▶ **Entries shown**:
◇ ◇ ◇ ◇ ◇

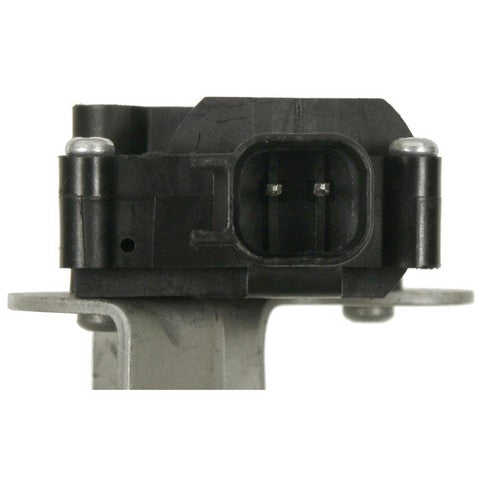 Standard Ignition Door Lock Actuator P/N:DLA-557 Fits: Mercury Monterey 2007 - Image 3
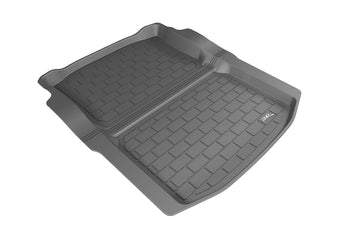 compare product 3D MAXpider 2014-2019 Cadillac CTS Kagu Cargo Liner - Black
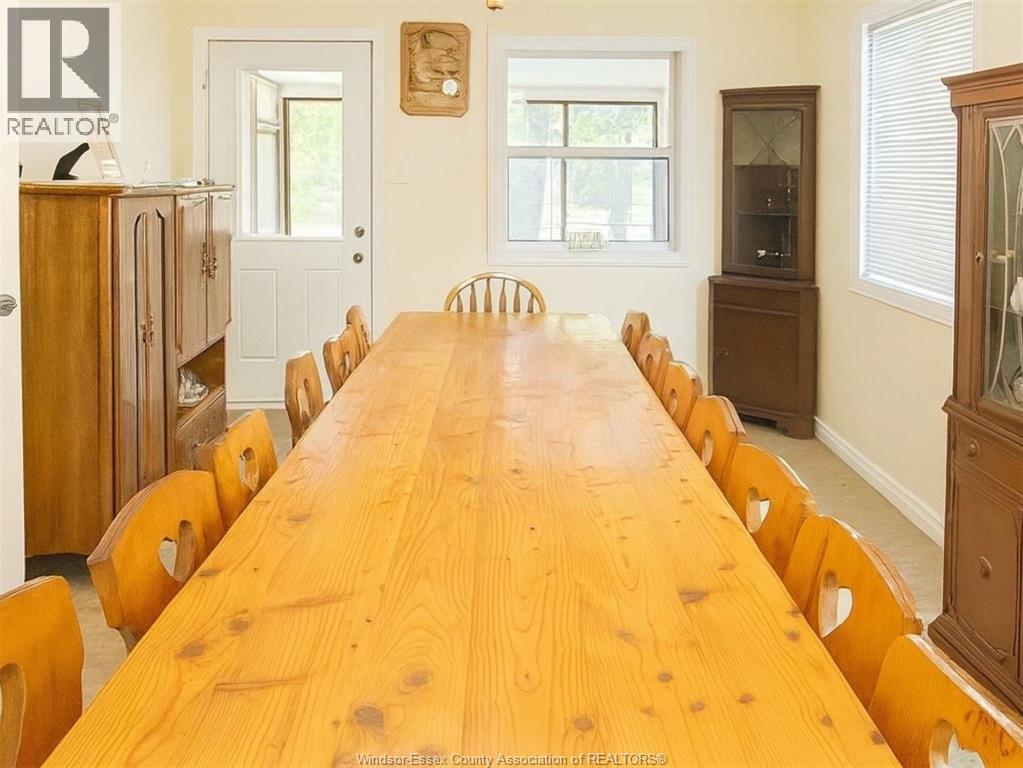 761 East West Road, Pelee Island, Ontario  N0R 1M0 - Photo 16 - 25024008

◇ ◇ ◇ ◇ ◇

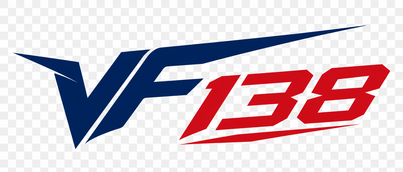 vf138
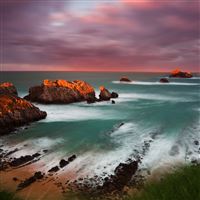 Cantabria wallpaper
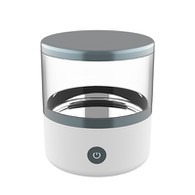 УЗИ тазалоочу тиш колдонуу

◇ ◇ ◇ ◇ ◇

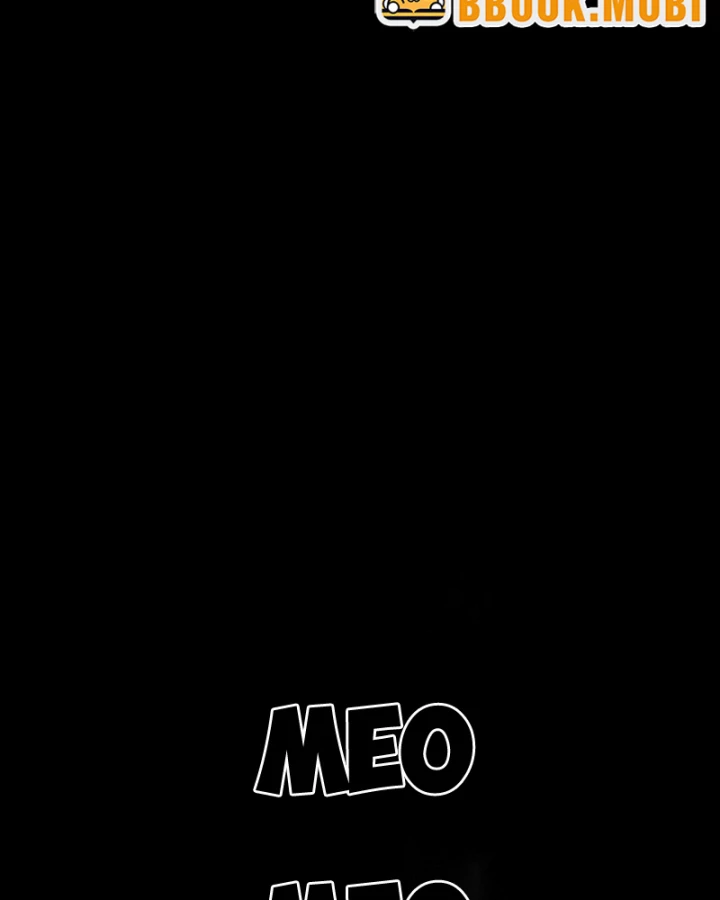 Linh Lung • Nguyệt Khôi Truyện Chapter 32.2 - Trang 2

◇ ◇ ◇ ◇ ◇

▶ **Task item**: Both the line above containing "Standard Ignition Door" and the line containing "761 East West" belong in the copy, along with every line between them; print these exactly and omit the pictures.

▶ **Output below**:
 Standard Ignition Door Lock Actuator P/N:DLA-557 Fits: Mercury Monterey 2007 - Image 3
 compare product 3D MAXpider 2014-2019 Cadillac CTS Kagu Cargo Liner - Black
 761 East West Road, Pelee Island, Ontario  N0R 1M0 - Photo 16 - 25024008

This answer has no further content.